Avec l’envolée du prix du baril, les analystes de Goldman Sachs estiment désormais que l’industrie pétrolière pourrait entrer dans un nouveau cycle d’investissement comparable à celui des années 2000. Plusieurs arguments viennent étayer cette hypothèse. Les réserves prouvées du secteur, exprimées en nombre d’années de production, ont diminué de 25% depuis 2013. Par ailleurs, l’industrie américaine du pétrole non conventionnel semble progressivement arriver à maturité, tandis qu’une grande partie des capacités inutilisées se situe derrière le détroit d’Ormuz.
Goldman Sachs rappelle également que la demande mondiale reste particulièrement robuste. L’Agence internationale de l’énergie a d’ailleurs révisé à la hausse de cinq millions de barils par jour ses prévisions de demande à horizon 2030 par rapport à son scénario Net Zero Emissions publié en 2021.
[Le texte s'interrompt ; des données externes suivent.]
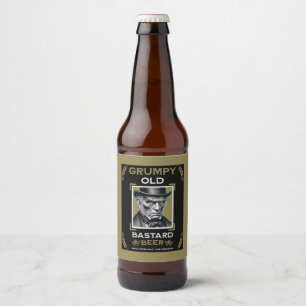 Étiquette Pour Bouteilles De Bière Vieux bâtard Grumpy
Fed et BCE face au retour du risque inflationniste
Ces nouveaux investissements pétroliers n’auront toutefois d’effets qu’à moyen et long terme. À court terme, le choc d’offre énergétique demeure fortement inflationniste, ce qui pose inévitablement la question des réponses des grandes banques centrales.
Aux Etats-Unis, les chocs inflationnistes se succèdent, la composante énergétique prenant désormais le relais des tensions liées aux droits de douane. Cette situation intervient au moment où la Fed traverse une phase de transition délicate. Kevin Warsh a récemment plaidé devant les sénateurs américains pour un véritable «changement de régime» monétaire.
Dans ce contexte, la Réserve fédérale a choisi de maintenir ses taux directeurs inchangés malgré une forte division interne. La décision a donné lieu à quatre dissidences, soit le niveau le plus élevé observé depuis 1992. Jerome Powell, lors de son dernier FOMC en tant que chairman de la Réserve fédérale – même s’il restera membre du conseil jusqu’à l’expiration de son mandat en janvier 2028 – a reconnu lors de sa conférence de presse que le comité avait eu des «discussions vigoureuses». Dans ces conditions, le statu quo actuellement anticipé par les marchés pour le reste de l’année apparaît comme le scénario le plus cohérent.
Une BCE prudente face au choc énergétique
En zone euro, plusieurs responsables monétaires ont certes plaidé pour des hausses de taux préventives, rappelant l’épisode inflationniste de 2022. La situation actuelle diffère toutefois sensiblement de celle observée à l’époque. Les taux réels étaient alors profondément négatifs, tandis qu’ils évoluent désormais à des niveaux proches de zéro. De même, le risque d’une boucle prix-salaires paraît aujourd’hui plus limité compte tenu du contexte économique et des conditions d’emploi actuelles.
C’est probablement pour ces raisons que le Conseil des gouverneurs de la BCE a lui aussi choisi de maintenir ses taux inchangés lors de sa dernière réunion, tout en reconnaissant l’intensification des risques pesant à la fois sur la croissance et sur l’inflation. Dans ce contexte, l’hypothèse de deux hausses de taux au second semestre apparaît raisonnable.
Les investisseurs restent prudents sur la duration
Dans un environnement marqué par des anticipations de politique monétaire relativement justes, une courbe des taux toujours peu pentue et une remontée de la volatilité obligataire, les investisseurs devraient rester prudents vis-à-vis du risque de duration au sein de leurs portefeuilles. En attendant, les marchés continueront probablement de surveiller quotidiennement le nombre de navires traversant le détroit d’Ormuz.